The other day I showed him a photograph. I don’t know why, really. I just felt like it. I brought the one with the curling
corners where we’re at the fairground, Dad and Mam and Dessie and me. Dad’s leaning down, his chin resting on my head. It
must be windy because Mam’s hair is blowing across her face, catching in her smile. Dessie is the only one not looking into
the camera: he’s facing it, along with the rest of us, but his eyes are swivelled away, looking past the white rim of the
edge.
As soon as I took it out to show the Doc I wished I hadn’t. He started to ask too many questions about why I’d brought it,
short, open-ended questions that were meant to catch me out. I knew how to handle him, though, so I told him other things.
How the candyfloss had left my mouth sticky and sweet. About the smell of petrol and sugar in the air that was so strong it
even crept inside the tent where Mam and I went to see the fortune-teller. I even told him about the stripy T-shirt I was
wearing, and that it had been Dessie’s before it was mine.
We’ve talked a lot about Dessie, the Doc and I. About Dessie always being older than me, stronger than me. How Dessie could
always make people see things his way. I tried to explain what it was like never to be the first to do anything, or be able
to find out something that he didn’t already know. The Doc nodded when I said that and he made another note but I don’t think
he understood at all.
You know that moment between sleep and waking? When your mind jump-starts before your body? I read somewhere that the first
thing that comes into your head is what you desire or fear the most. I don’t know if that’s fully right, though, or if there’s
another reason, because for years when I opened my eyes I used to think of Mark. That’s stopped now, of course, but I still
haven’t told the Doc about it. It’s not that I don’t want to, I will tell him, it’s just hard sometimes to understand what
it means, let alone put it into words.
I told him about ‘Lucy In The Sky With Diamonds’. About how, when I was seven or eight, it was my favourite Beatles song and after tea Dad would put it on and I’d close my eyes, listening to the scratch of the needle on vinyl, waiting
for it to find the music.
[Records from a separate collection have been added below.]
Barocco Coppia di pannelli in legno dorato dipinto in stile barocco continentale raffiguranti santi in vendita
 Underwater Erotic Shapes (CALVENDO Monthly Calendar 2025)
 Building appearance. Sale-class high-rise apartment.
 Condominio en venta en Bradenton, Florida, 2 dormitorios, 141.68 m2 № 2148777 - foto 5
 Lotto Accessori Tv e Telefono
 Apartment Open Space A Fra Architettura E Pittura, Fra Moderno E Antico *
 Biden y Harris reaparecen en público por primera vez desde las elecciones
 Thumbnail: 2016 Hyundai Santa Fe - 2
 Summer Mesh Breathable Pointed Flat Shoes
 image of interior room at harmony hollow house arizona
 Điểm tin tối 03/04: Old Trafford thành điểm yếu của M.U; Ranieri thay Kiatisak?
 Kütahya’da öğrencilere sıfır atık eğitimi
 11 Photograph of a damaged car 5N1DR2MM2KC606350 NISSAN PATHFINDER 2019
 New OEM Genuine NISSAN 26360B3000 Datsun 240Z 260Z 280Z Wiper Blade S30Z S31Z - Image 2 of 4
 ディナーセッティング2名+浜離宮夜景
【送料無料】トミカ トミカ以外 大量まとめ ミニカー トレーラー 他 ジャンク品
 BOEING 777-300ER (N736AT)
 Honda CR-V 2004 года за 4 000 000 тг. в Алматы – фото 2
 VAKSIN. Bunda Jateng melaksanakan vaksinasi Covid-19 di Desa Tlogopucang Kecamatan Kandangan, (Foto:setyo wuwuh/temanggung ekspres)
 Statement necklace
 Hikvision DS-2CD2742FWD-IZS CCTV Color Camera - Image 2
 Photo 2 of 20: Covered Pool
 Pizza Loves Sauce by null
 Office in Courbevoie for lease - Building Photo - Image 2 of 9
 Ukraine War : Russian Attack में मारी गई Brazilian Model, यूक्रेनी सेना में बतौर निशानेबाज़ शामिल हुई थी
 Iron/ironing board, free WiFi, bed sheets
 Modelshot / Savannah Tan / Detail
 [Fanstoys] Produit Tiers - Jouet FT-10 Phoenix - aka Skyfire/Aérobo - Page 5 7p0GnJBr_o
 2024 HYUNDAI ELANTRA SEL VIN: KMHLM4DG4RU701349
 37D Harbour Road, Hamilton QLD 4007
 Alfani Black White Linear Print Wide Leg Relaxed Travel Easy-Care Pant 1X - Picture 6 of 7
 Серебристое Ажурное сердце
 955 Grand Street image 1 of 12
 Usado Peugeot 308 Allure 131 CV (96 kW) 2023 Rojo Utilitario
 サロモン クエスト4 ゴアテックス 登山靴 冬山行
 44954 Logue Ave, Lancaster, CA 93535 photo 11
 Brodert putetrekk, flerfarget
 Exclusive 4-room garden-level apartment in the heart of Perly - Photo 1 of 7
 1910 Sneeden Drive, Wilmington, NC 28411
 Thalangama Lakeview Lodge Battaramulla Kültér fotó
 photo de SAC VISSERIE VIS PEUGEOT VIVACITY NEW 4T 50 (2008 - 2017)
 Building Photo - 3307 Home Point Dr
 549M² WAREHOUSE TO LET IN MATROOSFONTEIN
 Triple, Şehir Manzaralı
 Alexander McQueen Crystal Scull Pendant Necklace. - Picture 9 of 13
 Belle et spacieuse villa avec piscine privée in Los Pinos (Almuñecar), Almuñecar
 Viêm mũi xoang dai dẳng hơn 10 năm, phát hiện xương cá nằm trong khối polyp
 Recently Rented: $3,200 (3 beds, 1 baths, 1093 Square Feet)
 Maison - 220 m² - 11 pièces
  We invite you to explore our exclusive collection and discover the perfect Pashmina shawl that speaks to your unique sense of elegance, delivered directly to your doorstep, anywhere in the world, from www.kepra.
I tried to describe how John Lennon’s voice would start, asking me to imagine myself on a boat on
the river where there were tangerine trees and skies the colour of marmalade. It was before I knew that the song was supposed
to be about drugs, before I’d heard of LSD, even before I knew that John was much cooler than Paul. I told him how I’d sit
cross-legged, humming along, making my own pictures that sat alongside John’s. The Doc says that I’m very visual, the way
I remember things. He asked me what happens if I can’t see the whole picture and I said I didn’t know. It was only afterwards
I thought that maybe sometimes I use my imagination to colour in the bits around the edges and I wondered if that was what
he was getting at all along.
I didn’t tell him about the time Mrs Burke asked me what I wanted to be when I grew up and how the other boys all laughed
when I answered, “My dad.” I still remember how she tried to hide her own smile as she explained to the class that what I
meant was I wanted to be a plumber, like my dad. But that wasn’t what I meant at all. I meant I wanted to actually be him,
to grow into him. I had it right the first time. If I told the Doc about that, he’d start to ask about Katie and Abbey and
whether I felt I’d lived up to what I wanted to be. Which would be a completely stupid question, because we both know the
answer to that one.
I didn’t tell him about Revolver either — there was no point in getting into all that. Instead, I brought him back to ‘Lucy In The Sky With Diamonds’. I told him about the girl who had eyes like kaleidoscopes, that I could never figure out
what that meant but now I thought I could. I spent one whole session on my theory that the past is like the picture at the
centre of a kaleidoscope. The picture stays the same, it’s the kaleidoscope’s mirrors that change it, and the past can change
too, depending on where you see it from. I talked on and on that day, trying to explain it, but he didn’t say a lot. He didn’t
even write much down, he just kept looking at me. I don’t think he got it at all.
I’ve been seeing the Doc for a while now. Long enough that the dark branches tipping the window have a fuzz of green and the
square of white-grey sky has patches of blue. There are days when I wonder if this endless stream of oneway words is making
any difference at all, when it feels as if there’s more point in an hour of silence. There are days when I don’t want to be
here and the anger pulls taut inside and snaps out like elastic. Those are the days when I’m the one asking the questions,
like the one I asked him yesterday.
“What’s the fuckin’ point in all this? It’s all over now. Ancient history. It’s not like I could have changed anything, could
I?”
He sat back in his chair and held his hands in an arc, tapping his index fingers together. Even before he opened his mouth
I knew he wasn’t going to answer me.
“That’s an interesting question. What do you think, John-Paul?”
He always insists on calling me John-Paul, even though he knows full well my fuckin’ name is JP.
London, 2005
We were on the highest part of the Heath. Stretched out below, the city looked like a whole other world, the squares and rectangles
that made up its shape black against the darkening sky. Behind us, the father and son we’d passed on the climb up were trying
to get their kite to fly. I turned to watch as they ran down the hill, the red and blue and yellow streamers trailing just
above the grass, the last thing to disappear out of sight. For a few seconds their voices hung in the smoky October air and
then there was silence. Just me and Katie.
“Look at St Paul’s. It’s like an egg in an eggcup,” Katie said.
My eyes followed where she was pointing. “It does, I’ve always thought that too.” I smiled as I said it and squeezed her gloved
fingers.
“You know, I can’t believe I’d never been up here before you took me,” she said. “It’s so peaceful, I love it.”
“It’s my favourite place in London.” I thought of all the days I’d stood in this spot, days when the sky over the city was
a bright dome of blue or a blur of rain or a wash of orangey-grey, like today. From the top of one of the office buildings a red light flashed on and off. On and off.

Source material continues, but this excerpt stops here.